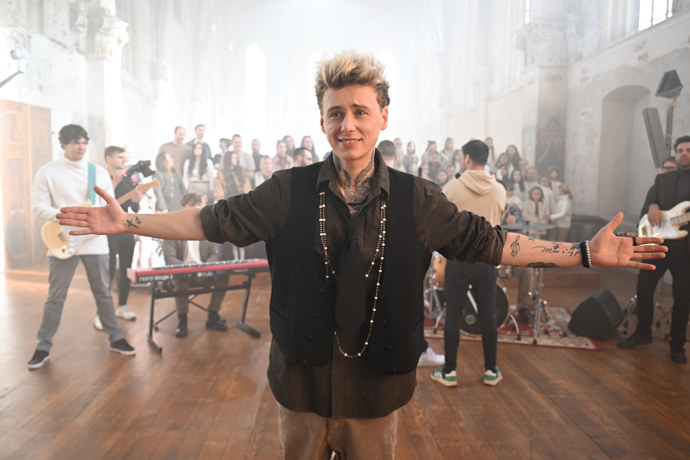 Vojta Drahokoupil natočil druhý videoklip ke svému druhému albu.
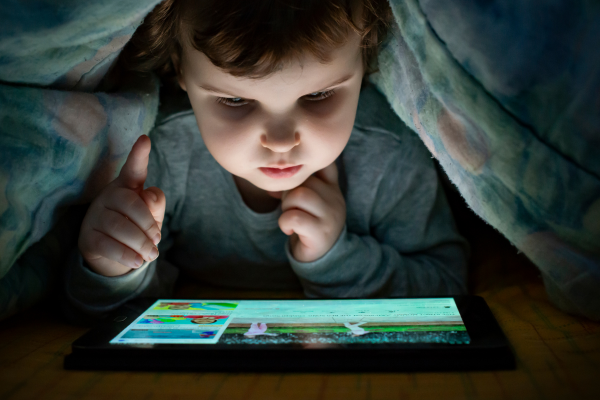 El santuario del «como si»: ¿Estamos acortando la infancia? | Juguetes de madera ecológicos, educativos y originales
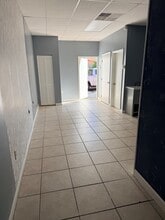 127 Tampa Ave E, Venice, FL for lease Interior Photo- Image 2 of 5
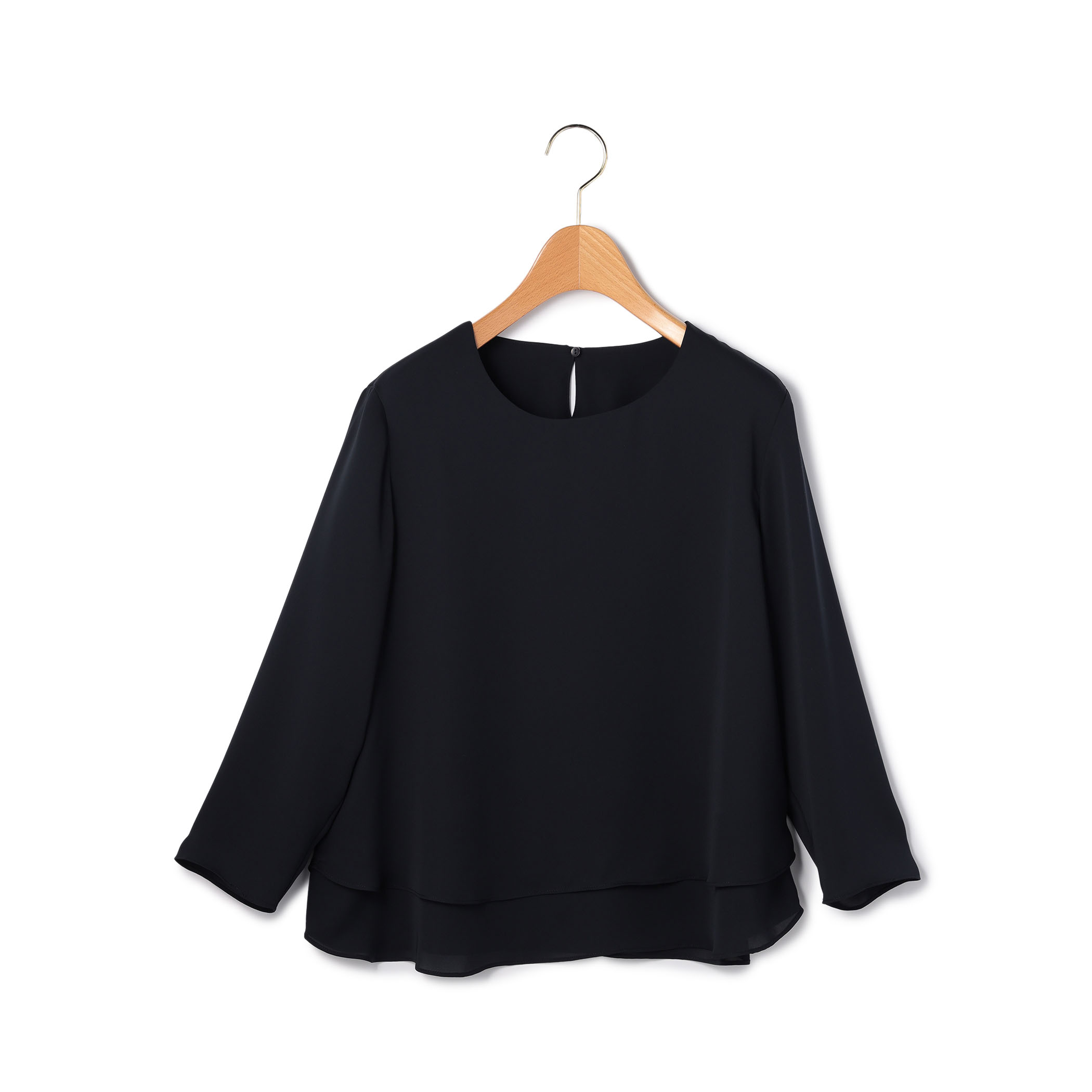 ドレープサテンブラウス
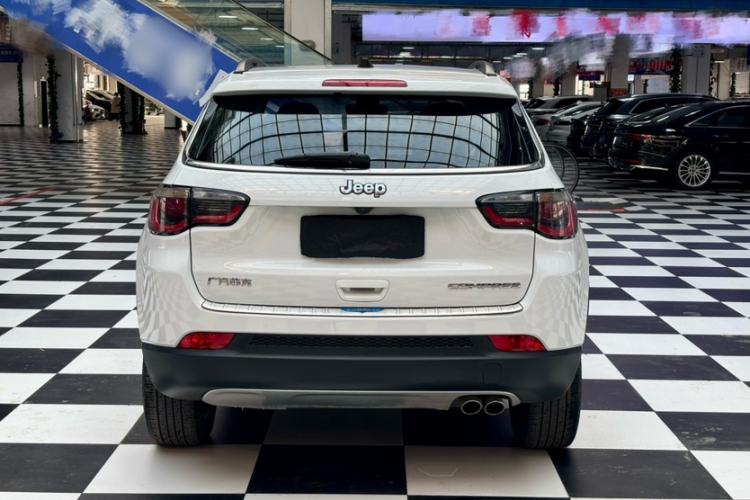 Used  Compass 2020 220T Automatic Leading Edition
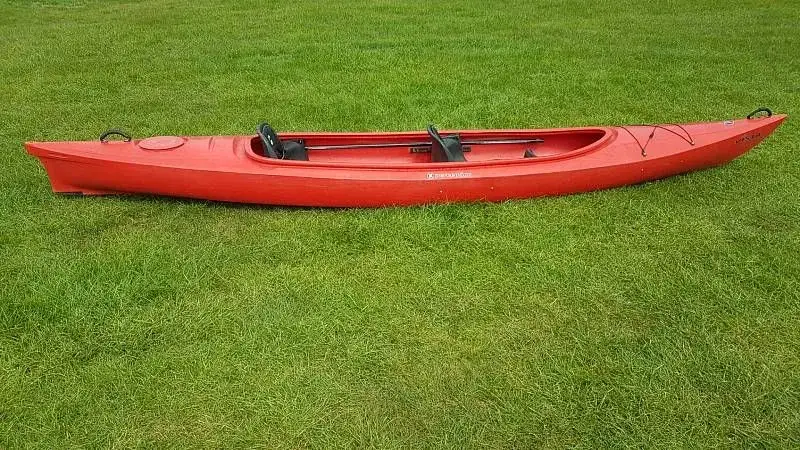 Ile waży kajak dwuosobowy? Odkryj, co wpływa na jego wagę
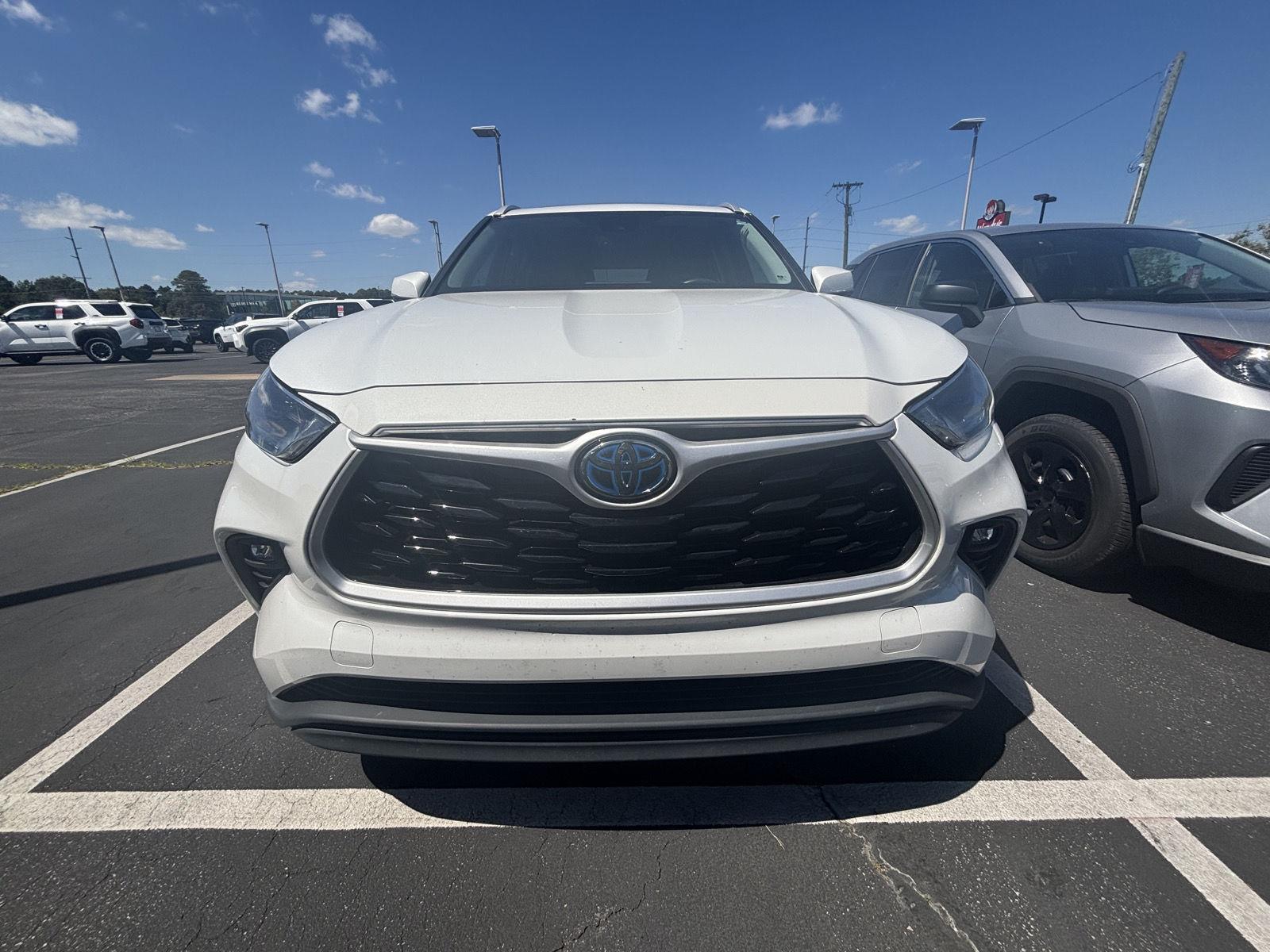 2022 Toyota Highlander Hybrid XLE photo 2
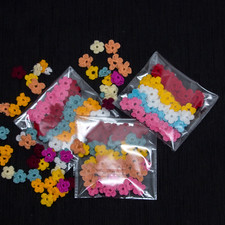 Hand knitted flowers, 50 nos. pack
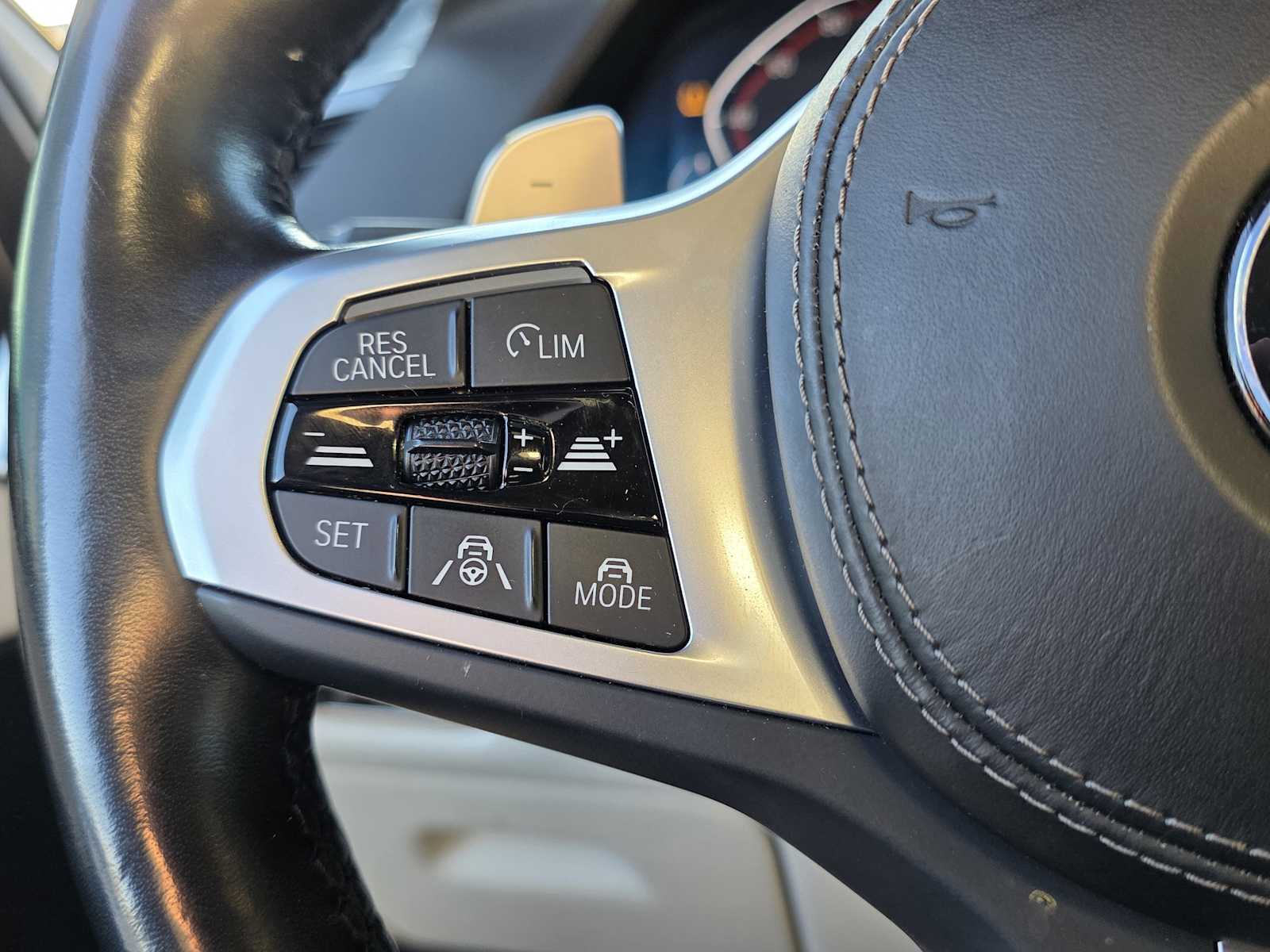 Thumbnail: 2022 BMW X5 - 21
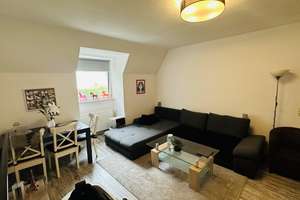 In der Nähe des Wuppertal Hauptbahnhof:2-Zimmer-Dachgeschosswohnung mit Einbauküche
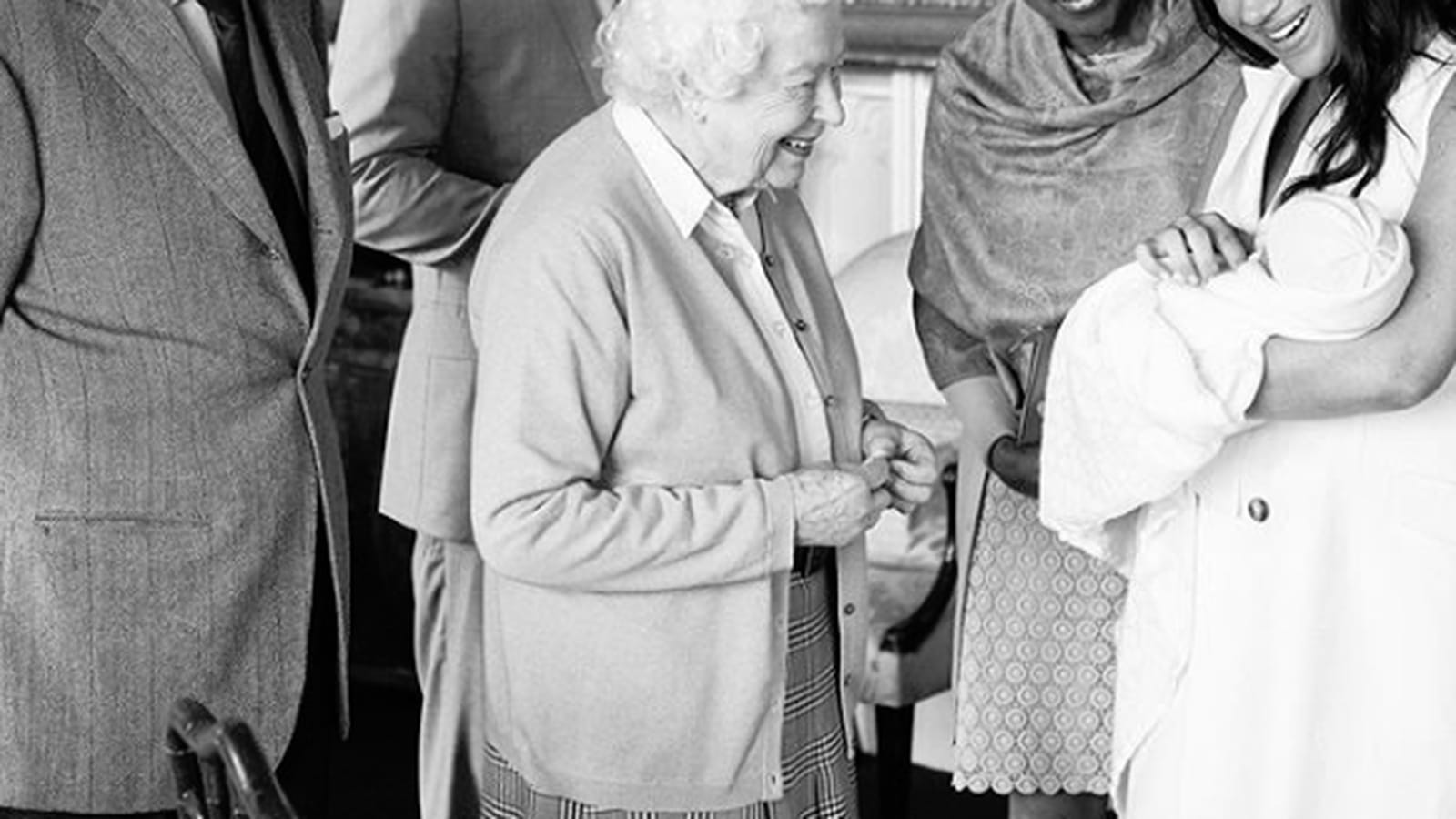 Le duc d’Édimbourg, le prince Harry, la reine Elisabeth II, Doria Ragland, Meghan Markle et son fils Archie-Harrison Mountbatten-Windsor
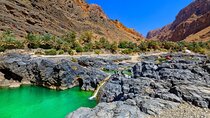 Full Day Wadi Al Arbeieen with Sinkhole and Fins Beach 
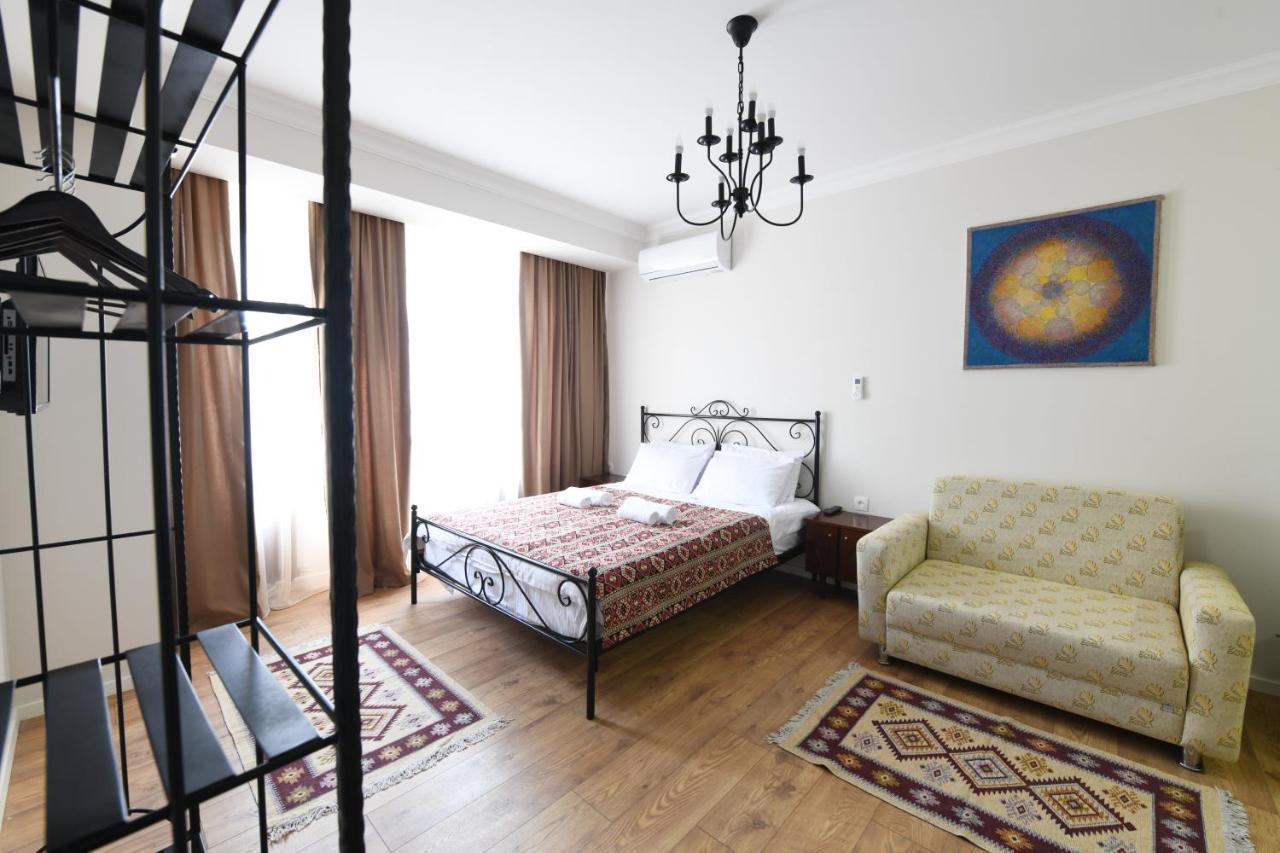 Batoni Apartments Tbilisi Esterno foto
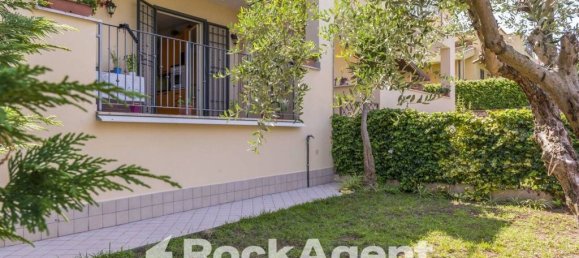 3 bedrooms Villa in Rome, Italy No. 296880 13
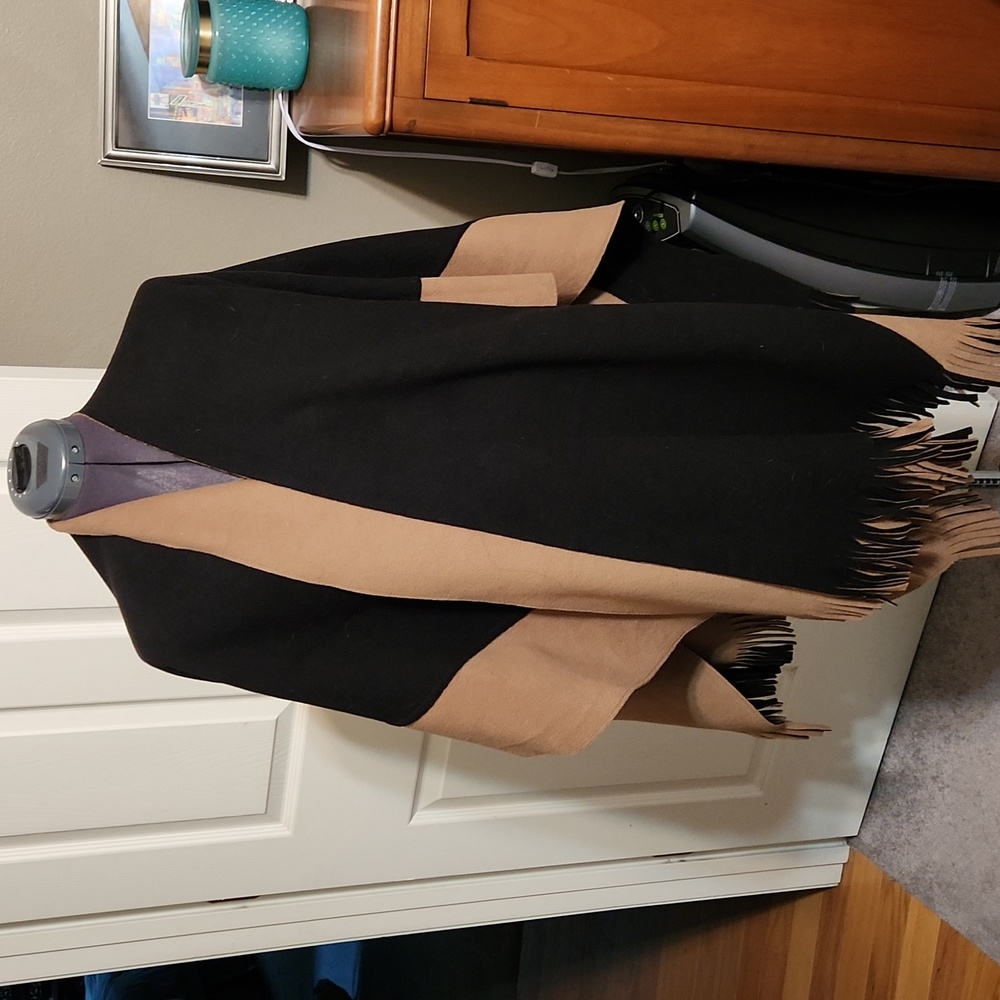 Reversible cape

------

▶ **EXERCISE DESCRIPTION**
Copy the material above in full and exactly, skipping pictures.

▶ **REPLY**
 Vojta Drahokoupil natočil druhý videoklip ke svému druhému albu.
 El santuario del «como si»: ¿Estamos acortando la infancia? | Juguetes de madera ecológicos, educativos y originales
 127 Tampa Ave E, Venice, FL for lease Interior Photo- Image 2 of 5
 ドレープサテンブラウス
 Used  Compass 2020 220T Automatic Leading Edition
 Ile waży kajak dwuosobowy? Odkryj, co wpływa na jego wagę
 2022 Toyota Highlander Hybrid XLE photo 2
 Hand knitted flowers, 50 nos. pack
 Thumbnail: 2022 BMW X5 - 21
 In der Nähe des Wuppertal Hauptbahnhof:2-Zimmer-Dachgeschosswohnung mit Einbauküche
 Le duc d’Édimbourg, le prince Harry, la reine Elisabeth II, Doria Ragland, Meghan Markle et son fils Archie-Harrison Mountbatten-Windsor
 Full Day Wadi Al Arbeieen with Sinkhole and Fins Beach 
 Batoni Apartments Tbilisi Esterno foto
 3 bedrooms Villa in Rome, Italy No. 296880 13
 Reversible cape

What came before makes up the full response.